The full listing should be written out verbatim, and its images should be dropped.

■ **Dataset extract**
========

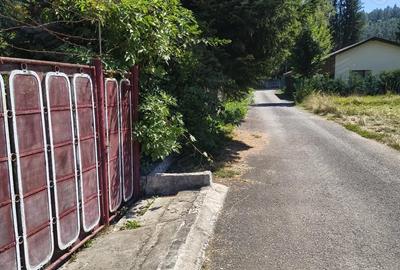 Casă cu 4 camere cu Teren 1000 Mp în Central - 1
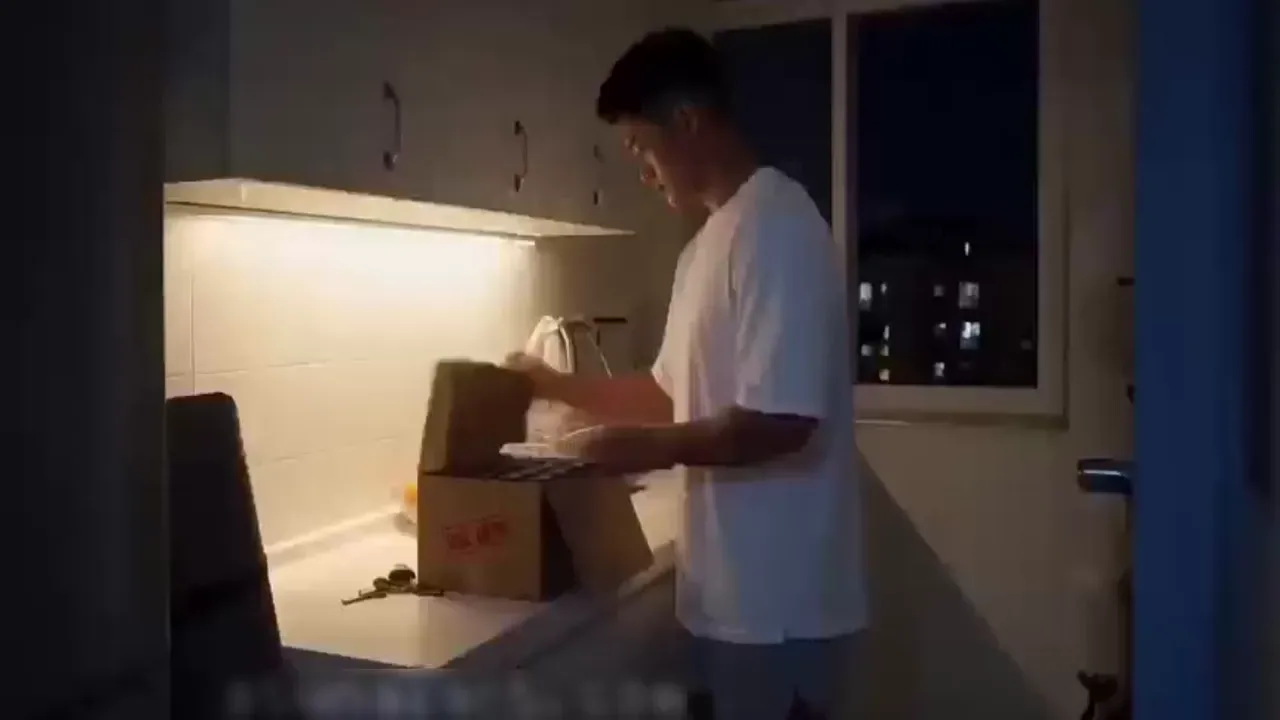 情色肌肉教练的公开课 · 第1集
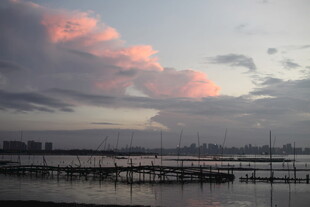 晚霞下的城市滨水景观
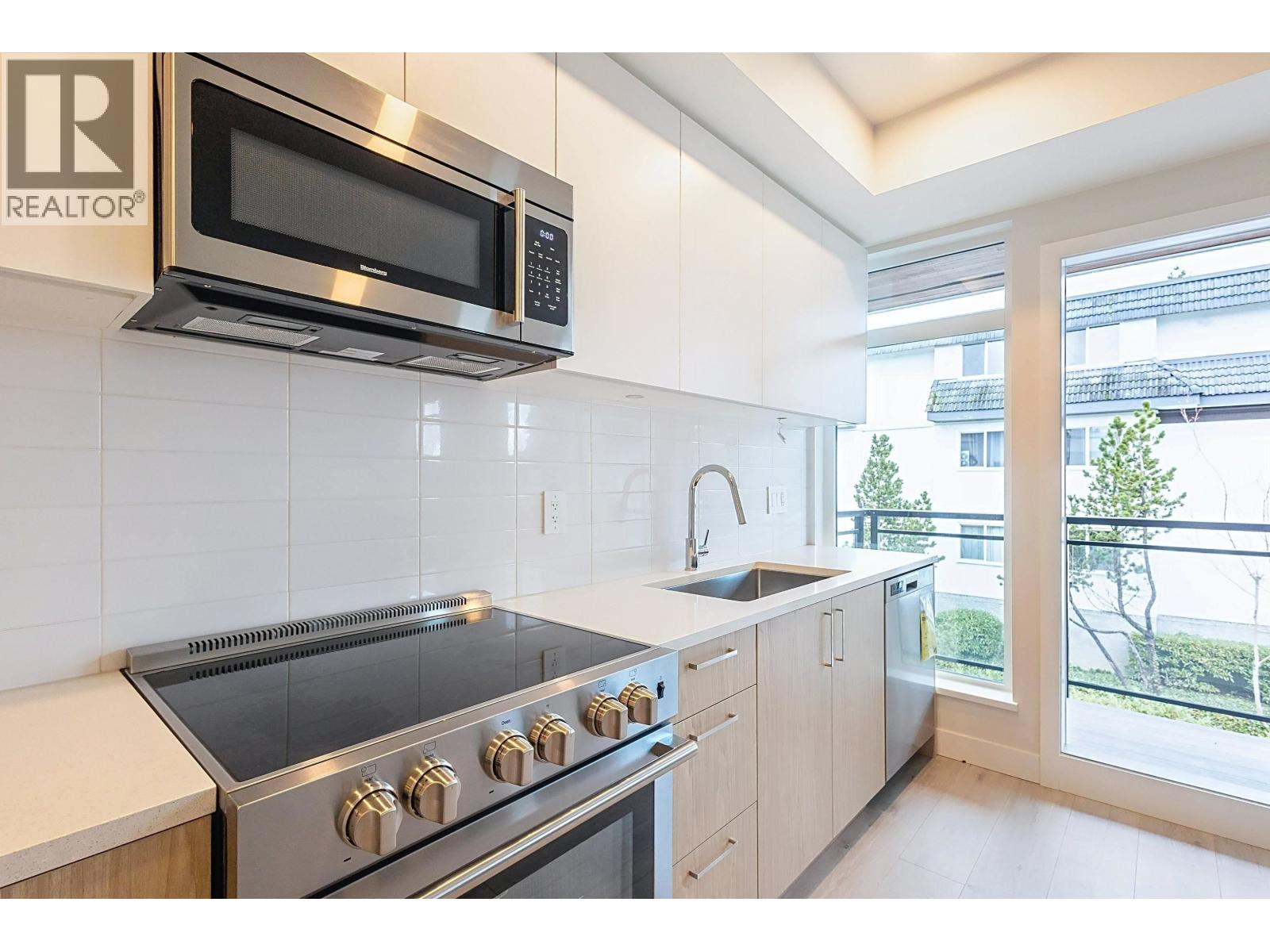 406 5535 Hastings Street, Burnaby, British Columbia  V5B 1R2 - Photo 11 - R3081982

========

■ **Result below**
 Casă cu 4 camere cu Teren 1000 Mp în Central - 1
 情色肌肉教练的公开课 · 第1集
 晚霞下的城市滨水景观
 406 5535 Hastings Street, Burnaby, British Columbia  V5B 1R2 - Photo 11 - R3081982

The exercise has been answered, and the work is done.